TASK PROMPT:
In the records below, find the line that contains "Heartbreak wide leg" and the line that contains "line-drawing design above". Set down exactly those lines and every line between them, and nothing more.

THE DATA:

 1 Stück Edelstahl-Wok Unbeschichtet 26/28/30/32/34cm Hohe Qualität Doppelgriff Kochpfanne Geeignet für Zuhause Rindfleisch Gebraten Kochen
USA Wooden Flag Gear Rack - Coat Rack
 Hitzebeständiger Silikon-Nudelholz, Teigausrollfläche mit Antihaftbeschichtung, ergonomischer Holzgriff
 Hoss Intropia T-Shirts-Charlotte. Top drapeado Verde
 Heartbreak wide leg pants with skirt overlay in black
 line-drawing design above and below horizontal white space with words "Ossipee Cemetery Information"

--

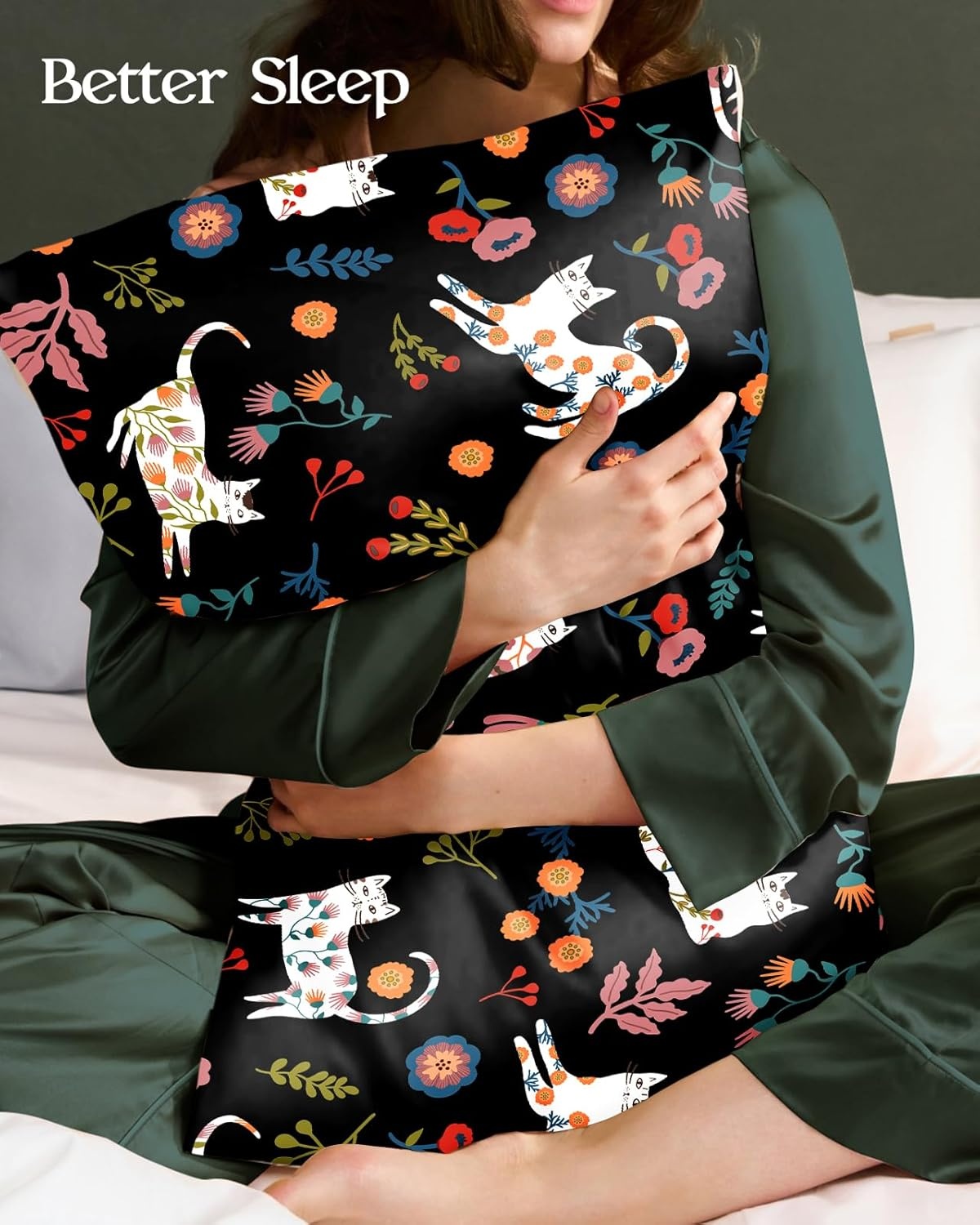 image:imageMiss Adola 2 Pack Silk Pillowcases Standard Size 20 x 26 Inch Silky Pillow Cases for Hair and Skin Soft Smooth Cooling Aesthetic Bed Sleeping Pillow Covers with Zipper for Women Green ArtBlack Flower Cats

ANSWER BOX:
 Heartbreak wide leg pants with skirt overlay in black
 line-drawing design above and below horizontal white space with words "Ossipee Cemetery Information"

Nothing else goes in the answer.